Help build a trade union year of climate action

In 2024, the TUC voted to back a Year of Trade Union Climate Action, engaging with community and climate justice groups. It will kick off this autumn, with a key moment of global solidarity in November during the UN climate negotiations, COP30, in Brazil. We want active support from as many national trade unions as possible – but a really powerful year of action can only be built from the grassroots up.

Latest updates

Video and notes from our meeting on 7 May, 'The Climate Crisis is a Working Class Issue: Building a Year of Trade Union Action' here

The TUC Trades Councils conference has passed a motion asking all Trades Councils to coordinate and organise networks and actions in their area during the year of action.

From UCU: "At #UCU2025 we passed a vital motion backing a year of trade union climate action, starting autumn 2025. We’re embedding climate justice into our union work. Because climate justice is union business." (climate motions p12-13 here)

PCS conference has passed a motion instructing the NEC to bring climate issues to the forefront of the union's activity and to support a year of trade union climate action.

BFAWU Executive have agreed to actively support the year of climate action, in line with other motions and climate-related policy already passed, including support for Heat Strike campaign.

NEU conference has passed a climate motion including a commitment to support members in organising workplace events during the year of action (full text on p3 of the latest Greener Jobs Alliance newsletter)

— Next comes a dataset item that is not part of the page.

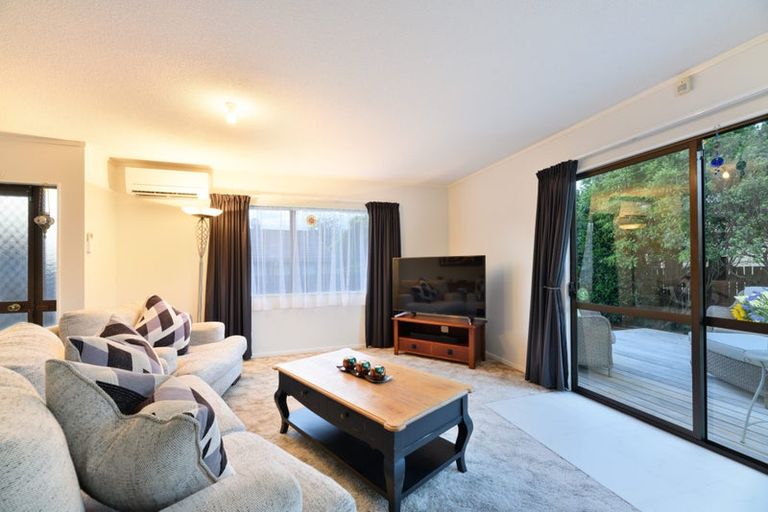 Photo of property in 2/23 Septimus Place, Henderson, Auckland, 0612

Campaign resources page (logos and flyers)

It needs all of us

Trade unions need to stand up for our class. All workers, their families and communities are at risk from extreme temperatures and weather events, and global food shortages. We also have essential knowledge about how to build a better, safer future: a public transport system accessible to all, training young people, protecting nature, growing food, and securing a just transition for workers in high carbon sectors, moving towards public ownership of key sectors like energy.

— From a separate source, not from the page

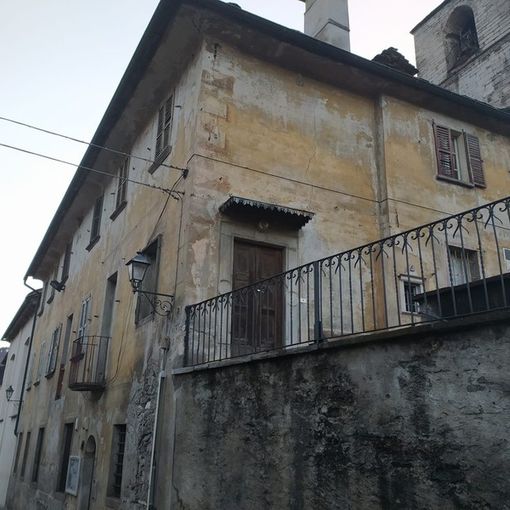 &quot;Una casa per tutti&quot;: a buon punto i lavori per  gli appartamenti nell'ex sede parrocchiale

This is a social justice issue

Those who are already losing lives and livelihoods to climate breakdown have done the least to cause the problem. In the UK, as elsewhere, the worst impacts will fall on the disabled, elderly and young, racialised people and those on the lowest incomes. We need to stand together in global solidarity with workers and communities around the world, while demanding climate solutions that help those most in need here in the UK.

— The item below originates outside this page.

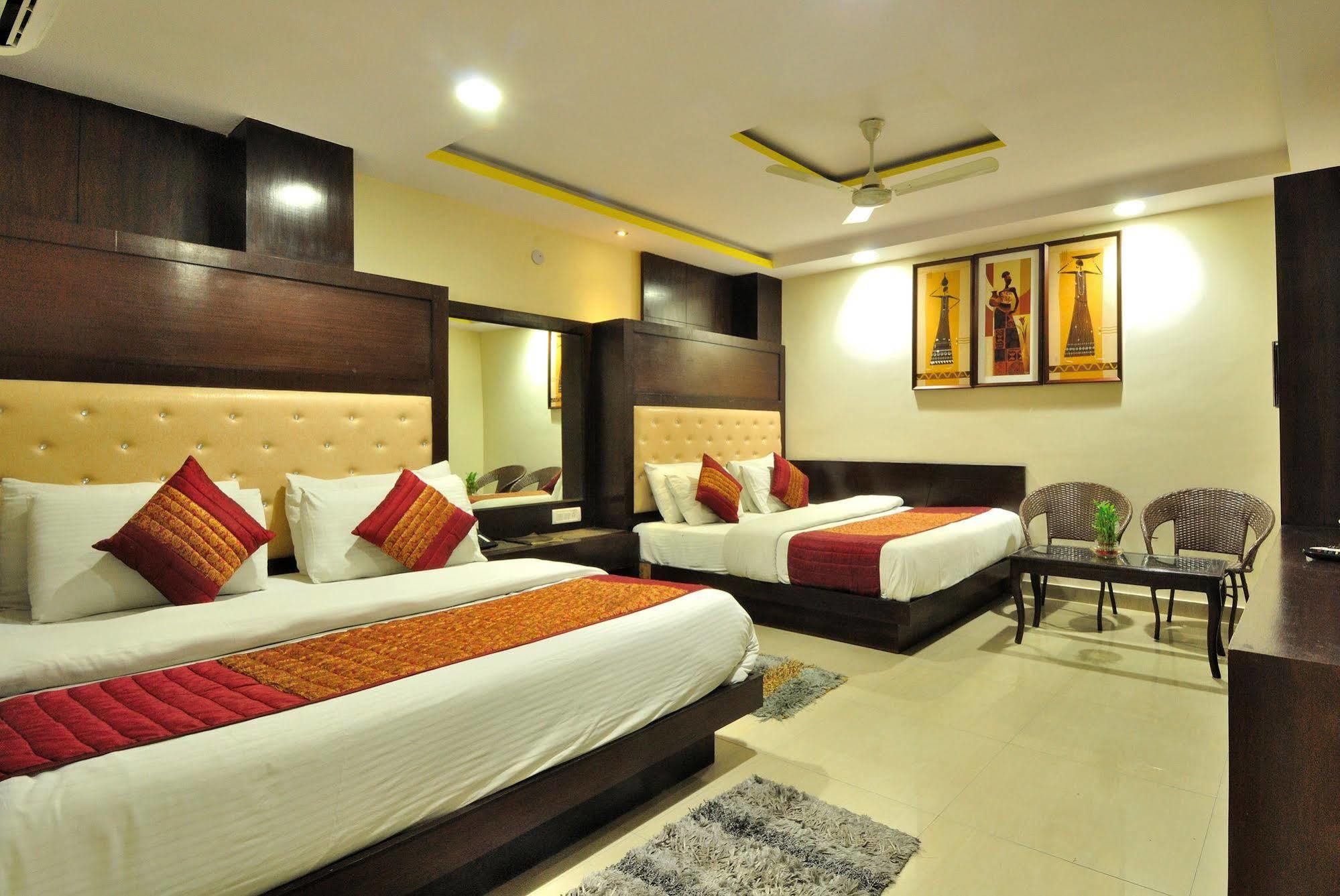 Hotel Shelton New Delhi Exterior photo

The market can’t solve this

We’ve seen the failures of relying on privatisation and market solutions. We need climate jobs; investment in renewable energy and home insulation as the only way to get energy bills down and keep them down; we need to move towards public ownership and democratic control of energy and other crucial services. What we don’t need is another decade of austerity.

Making our voices heard

The ultra-wealthy and corporate media claim to speak for working people but are only interested in lining their pockets. They want to scrap regulations that protect workers, keep our air and water clean and tackle climate change. We can only oppose them successfully by coming together and organising, within our workplaces, across sectors, and in communities, raising our voices to demand action.